# I Needed Something To Motivate Me to Start Writing Again



## WriteTillMyFingersCrampUp (Jul 10, 2013)

Hello, all.  I just turned 39 today, and perhaps in realizing that I'm not getting any younger decided to find something to motivate me to get back into what I really need to do.  I'm an aspiring screenwriter/director/producer (or "The Hyphenate") who keeps getting detoured into unsuccessful alternatives to the traditional model of making a living (real estate investing, network marketing, etc.).  In fact, it seems the only thing this has been successful in doing is making me more and more disillusioned, so I'm hopeful that this forum can help me get back on track.  Thanks.


----------



## popsprocket (Jul 10, 2013)

It all starts with that one step!

The thing that always gets me going is the sudden realisation that I'm not yet a world-famous author. Never ceases to make me open (one of) my novel(s) and bash out a few pages.

Welcome to the forum


----------



## Sandy (Jul 10, 2013)

Hi, WriteTillMyFingersCrampUp!  Welcome, and happy birthday!  It's always a really good day to write, to dust off a dream, admire the sparkle and say today's the day!


----------



## WriteTillMyFingersCrampUp (Jul 10, 2013)

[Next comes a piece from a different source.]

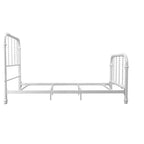 Cadre de lit double vintage en métal blanc style Jenny Lind avec brochettes classiques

Thanks!  I'm hoping to simply keep active, write a little bit each and every day and see where it takes me.


----------



## Whisper (Jul 11, 2013)

Drugs. You can never go wrong with drugs. Unless you drive. Don't. Maybe you will write a masterpiece like "Alice in Wonderland."


----------



## Nickleby (Jul 11, 2013)

Once writing gets into your blood, you never really quit, you just stop doing it for a while. I've put it aside several times, but I always started again. There's nothing else like it.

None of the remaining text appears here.